Aug. 11, 1964 - The Mets don’t have a monopoly on zany business around a baseball field. And if losing a painfully crucial day-night doubleheader to the White Sox today wasn’t embarrassment enough, the cool, calm, and collected Yankees managed to look pretty silly before the night game began.
Eight Yankees stood ready at their stations on the Yankee Stadium diamond waiting for starter Jim Bouton to complete his warmup tosses. All of a sudden, Tony Kubek came trotting out of the dugout and headed toward Phil Linz at short. After a few brief words, Linz trotted into the dugout, but not without slamming the ball at the first-base line and tossing his glove at the water cooler.
Manager Yogi Berra had told Linz he would start the second game of the day-night doubleheader but mistakenly put Kubek’s name on the official lineup card. Kubek had to start or be wasted for the game without even rising from the bench.

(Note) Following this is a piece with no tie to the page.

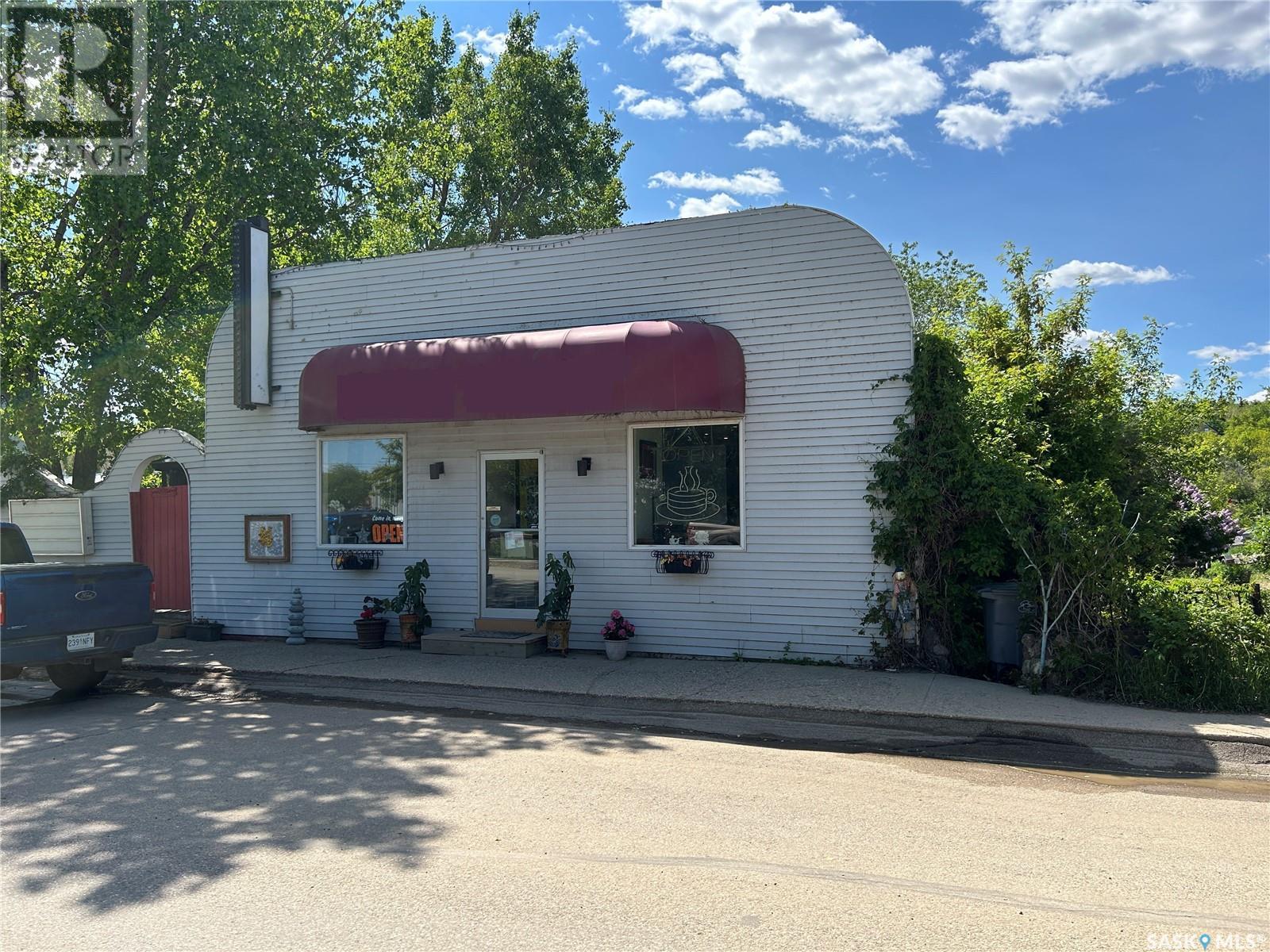 65 2nd Avenue Property Photo 1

“I felt foolish coming off the field,” said Linz.
It was all very un-Yankee-like, but then so was the night game. The White Sox pulled off an 8-2 embarrassment after beating the Yanks for the first time in 11 tries this season, 6-4, in the opener. Chicago trails league-leading Baltimore by one game. The Yanks are third, 3½ games out.
“It was just one of those days,” Berra said about the double loss. Then he tried to explain the lineup mix-up. No, it wasn’t a last-minute change of heart to put back his regular shortstop Kubek, who has had an upset stomach since Saturday. “I wanted to give Tony a rest,” Berra said, “and I just put his name down on the card out of force of habit, I guess. I could have taken him out, but I didn’t want to waste two men for nothing. Would you?”

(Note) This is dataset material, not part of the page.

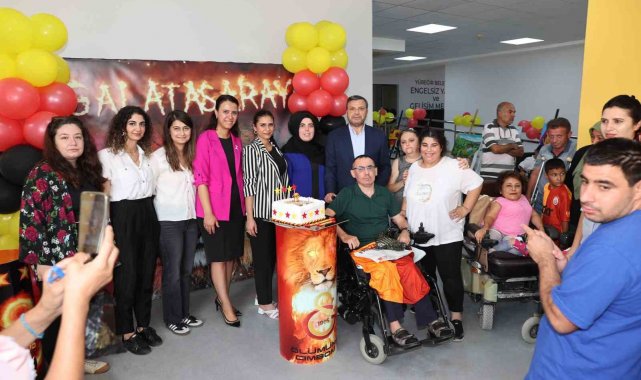 Bedensel Engelli Levent'e doğum günü sürprizi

As it turned out, Yogi could have used even more help than was available. Juan Pizarro (pictured crossing home plate), the winningest pitcher in the league, twirled a five-hitter to boost his record to 15-6. He also homered with two men on for one of the Sox’s 11 hits of the evening and 24 of the doubleheader.
The Bombers’ Ralph Terry was touched for 10 hits in seven innings of the opener and Bouton, who had won seven of his last nine games. gave up nine hits in six innings of the nightcap.